BDSMPEOPLE.CLUB

Выход в Эдем. Часть II

Спастбо за комментарии. Перевел наиболее впечатлившие меня кусочки - процентов 10% от всей книги лет 10 назад. Просто "в стол". Полезно для практики и... ну, приятно.

Русс. перевод так и не появился ни бумажный, ни в интернете.

Выход в Эдем. Часть II

ЭЛЛИОТ
Я наклонил голову, стараясь дышать ровнее, лишь наполовину веря тому, что увидел. Сады уходили в бесконечность. За покрытыми скатертями столами сидели элегантно одетые мужчины и женщины, а в роли официантов выступали сотни голых рабов и рабынь, разнося на подносах еду и вино…

Но не размеры садов и не множество отдыхающей публики поразили меня, а то, каким странным образом эта публика походила на любую другую…

Да, это рай, подумал я, а мы – рабы для удовольствий, как на росписях на древнеегипетских саркофагах, где все рабы и рабыни обнажены, а их хозяева – в изысканных нарядах. Мы здесь, чтобы нами пользовались, наслаждались, как едой и вином...

Когда я увидел подиум, моя кровь похолодела. Или закипела. Это уж как посмотреть.
Высокая рабыня с пышной золотистой гривой коснулась меня слегка грудью.
- Нас ведь не заставят идти по этому помосту по одному? – прошептала она.
- Думаю, что заставят, мадам, - отозвался я.
- И это только начало, - добавил рыжий раб справа от меня.
- Какого черта мы не можем просто подавать напитки или типа того? – спросила рабыня, не шевеля губами.
Одни из надсмотрщиков повернулся и шлепнул ее ремнем.
- Зверюга! – прошипела она...
Как бы там ни было, приближался кошмар. Быть связанным – одно дело, бежать в толпе себе подобных – плохо, конечно. Но заставить себя пройтись по этим подмосткам? Если бы я не был готов к этому, Мартин, они бы не взяли меня, не так ли?

- Алисия из Западной Германии, - объявил мужчина с микрофоном под аплодисменты. Надсмотрщик развернул Алисию на 360 градусов и подтолкнул ее на подиум.

Нет, думал я. Я просто не готов к этому. И ведь я по идее должен испытывать жалость к этой Алисии, а не пялиться на ее пухленькую попку и румянец смущения. Я ведь в том же положении...

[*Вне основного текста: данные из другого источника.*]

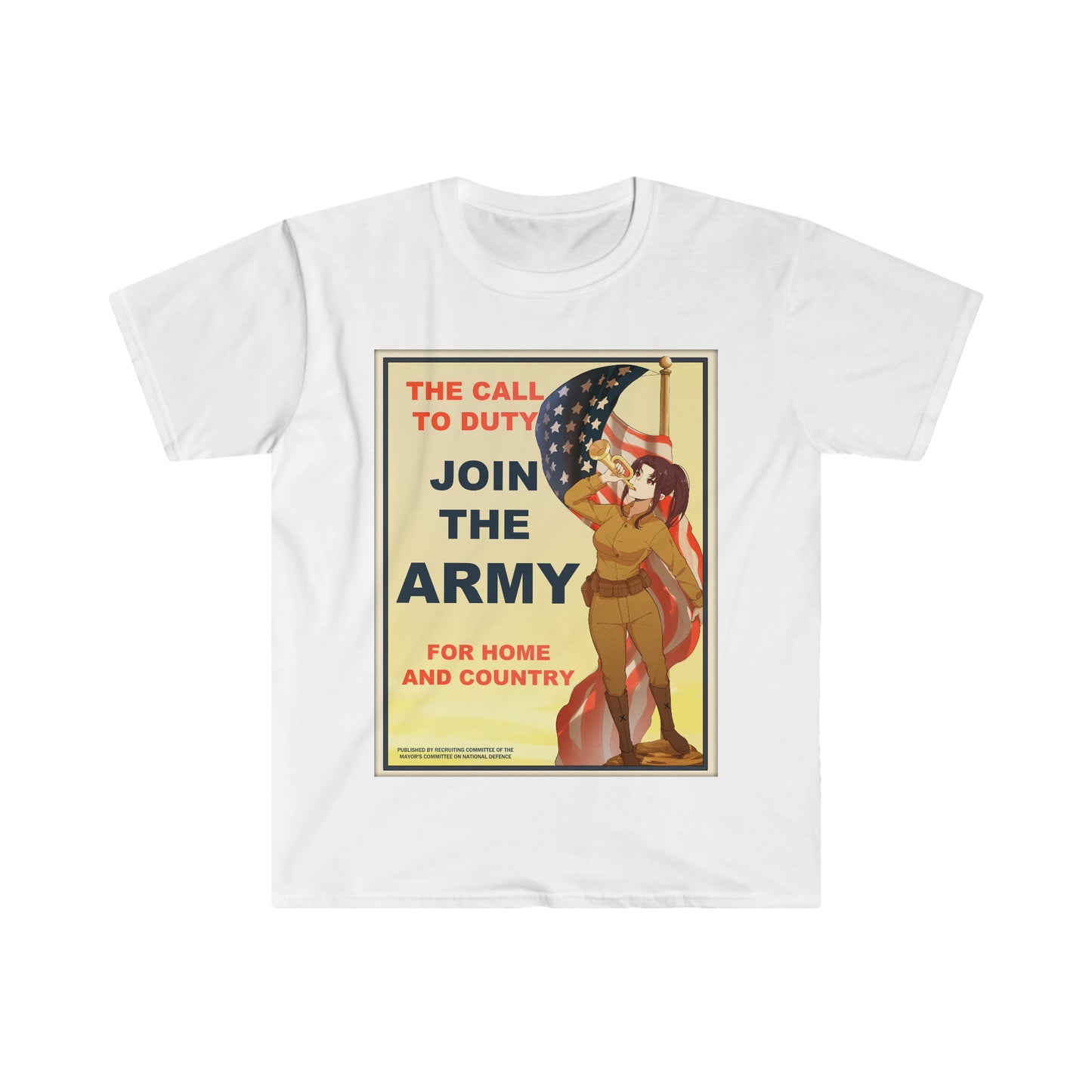 Call to Duty Join the Army Shirt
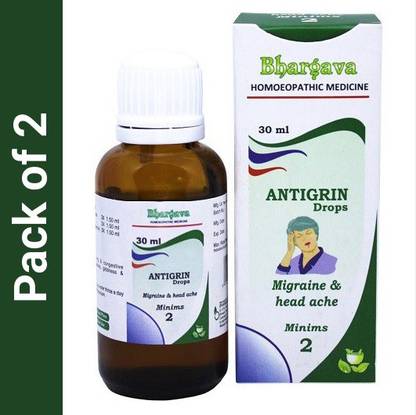 Bhargava Phytolab Minims 2 - Antigrin Drops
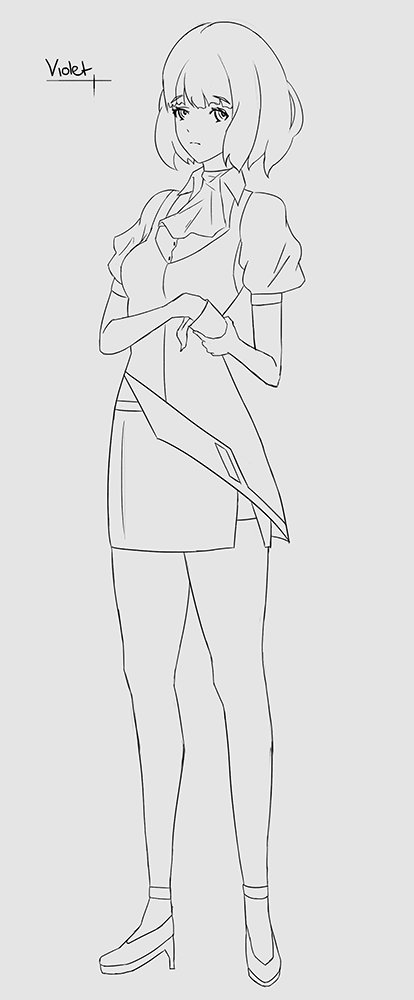 Designing characters... ain't easy 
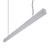 Suspended LED Batten Non-Dimmable 3120lm IP20 6500K 1.2m Satin White
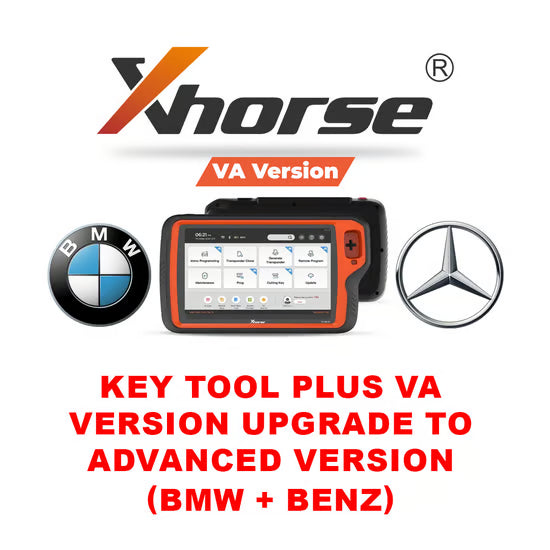 Xhorse - Key Tool Plus VA Version Upgrade To Advanced Version ( BMW + Benz )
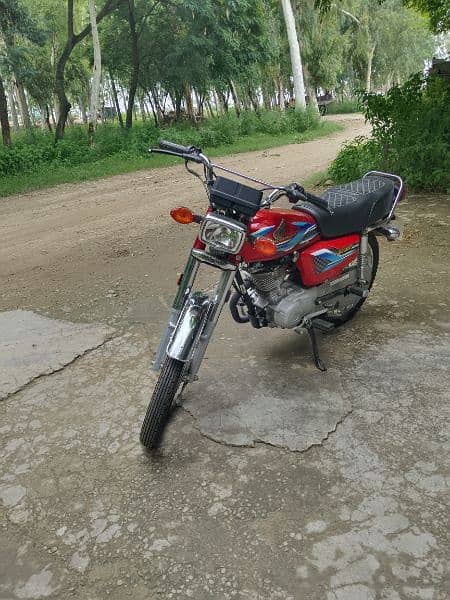 Honda CG125 0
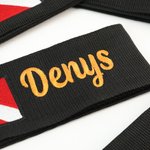 Ceinture pour Bouteille de Plongée Personnalisée avec Nom Brodé Fermeture Crochet et Boucle Cadeau Anniversaire pour Passionné de Plongée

Это невозможно. Они могут делать со мной что угодно, когда я пассивен, но я не смогу сам заставить себя это сделать. Хотя, ведь сколько раз я говорил то же самое Мартину, но в конце концов мне удавалось выполнять все то, что мне велели.

Вспомнилось: У нас тут всего лишь домики и дворики, а Клуб колоссален…
Когда надсмотрщик взял меня за плечо, я не мог шевельнуться. Боже, здесь же еще полсотни таких как я. Дайте мне передохнуть...
- Иди, Элиот...
Я часто слышал выражение "врасти ногами в землю", но никогда не делал этого... Еще один надсмотрщик тут же схватил мои запястья, а третий стал толкать сзади... Им стали помогать еще два симпатичных крепких типа, чтобы уж совсем не оставить мне шансов... Они резко вытолкнули меня перед церемонимейстером, как если бы знали, что мне будет стыдно развернуться и убежать.

Со всех сторон зазвучали громкие аплодисменты. Такой же шум как на конном шоу, когда сброшенный наездник вновь взбирается на коня…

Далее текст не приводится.